Title or ownership is not directly in issue in a processioning proceeding, and the proper issue to be submitted to the jury is as to the true location of the dividing line between the lands of the respective parties.

2. Same—

Where, in a proceeding to establish the boundary between adjoining landowners, respondents file answer denying location of the boundary as contended by petitioner and also allege ownership of the disputed area by specific description in the answer, the proceeding in effect becomes an action to quiet title, G.S. 41-10, and on appeal to the Superior Court issue involving ownership is properly submitted to the jury.

3. Boundaries § 3b—

Where the owner of a tract of land divides it by deeds, each calling for a road as the boundary between the tracts, the road is the true dividing *41line, and conflicting evidence of the respective parties as to the location of the road at that time is properly submitted to the jury.

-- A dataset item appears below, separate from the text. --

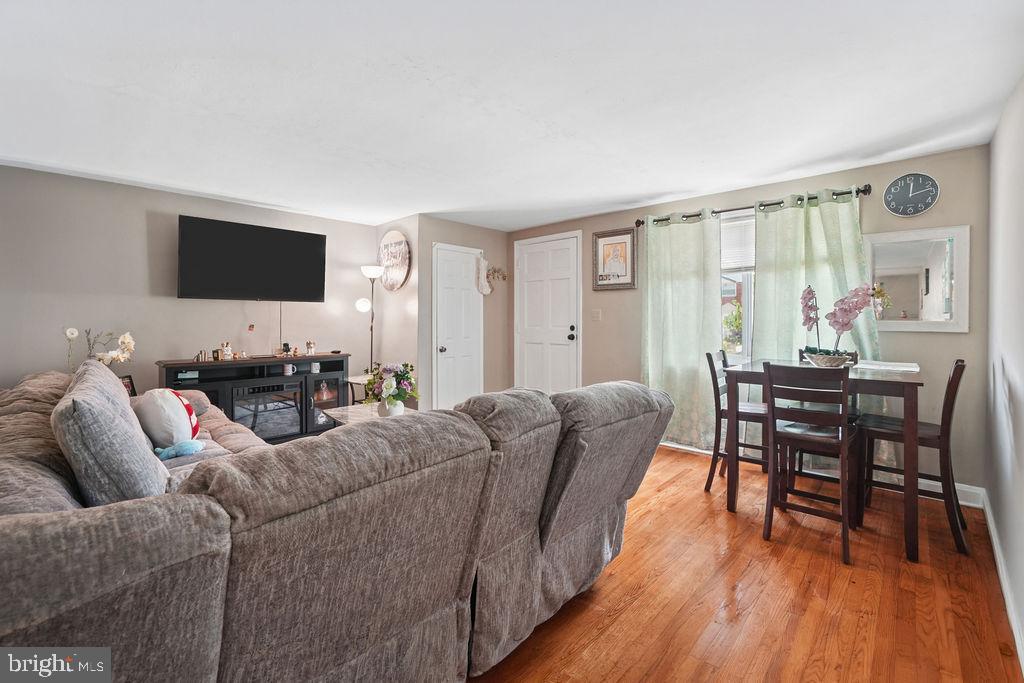EASTFIELD - Residential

4. Adverse Possession § 15—

Where the parties claim under deeds from a common source calling for a road as the dividing line between the tracts, but subsequent deeds in the chain of title of respondents describe the land by specific description without reference to the road, respondents are entitled to claim the land encompassed in the description in the intermediate deeds as under color of title, and when they offer evidence of adverse possession under their deeds, an instruction limiting their claim to the road as it existed at the time of the execution of the deeds from the common source, is error.

5. Adverse Possession § 16—

Where the description in the deed from the common source of title is enlarged in descriptions in subsequent deeds in the chain of title, the party claiming the additional land by adverse possession under color of title must show actual possession of the additional land, since possession under the deed from the common source could not be constructively extended to include the additional land.

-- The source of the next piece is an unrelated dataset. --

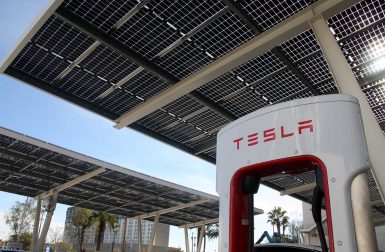Découverte en vidéo du Superchargeur Tesla de Las Vegas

6. Adverse Possession § 23—

Conflicting evidence as to the character or extent of the possession under color of title raises the issue for the determination of the jury.

Appeal by defendants from Pless, «/., January 1957 Term, Caldwell.

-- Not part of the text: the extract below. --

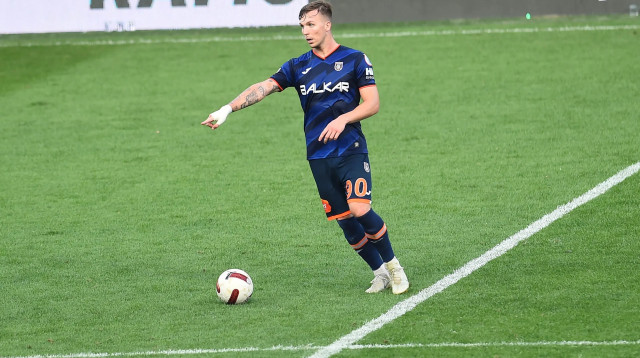 עדן קארצב, שחקן איסטנבול בשאקשהיר (צילום: GettyImages, Seskim Photo/MB Media)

On 6 June 1955 A. W. Bumgarner instituted a special proceeding in the Superior Court of Caldwell County against W. M. Corpening. His petition, filed when the summons issued, alleged that petitioner was the owner of a tract therein specifically described, that the defendant was the owner of an adjoining tract, that the location of the boundary between the two tracts was in dispute. The petition asserts the true location of the disputed boundary is: “Thence with the center of the old Lovelady Road, North 61 deg. 30' East 14 poles, North 41 deg. East 8 poles, North 24 deg. 30' East 16 poles, North 38 deg. East 20 poles, North 58 deg. 30' East 30 poles to a maple tree on the south bank of Gunpowder Creek.” The boundary asserted by petitioner is his northern boundary. He prays that the line between plaintiff and defendant be established in accordance with his contention.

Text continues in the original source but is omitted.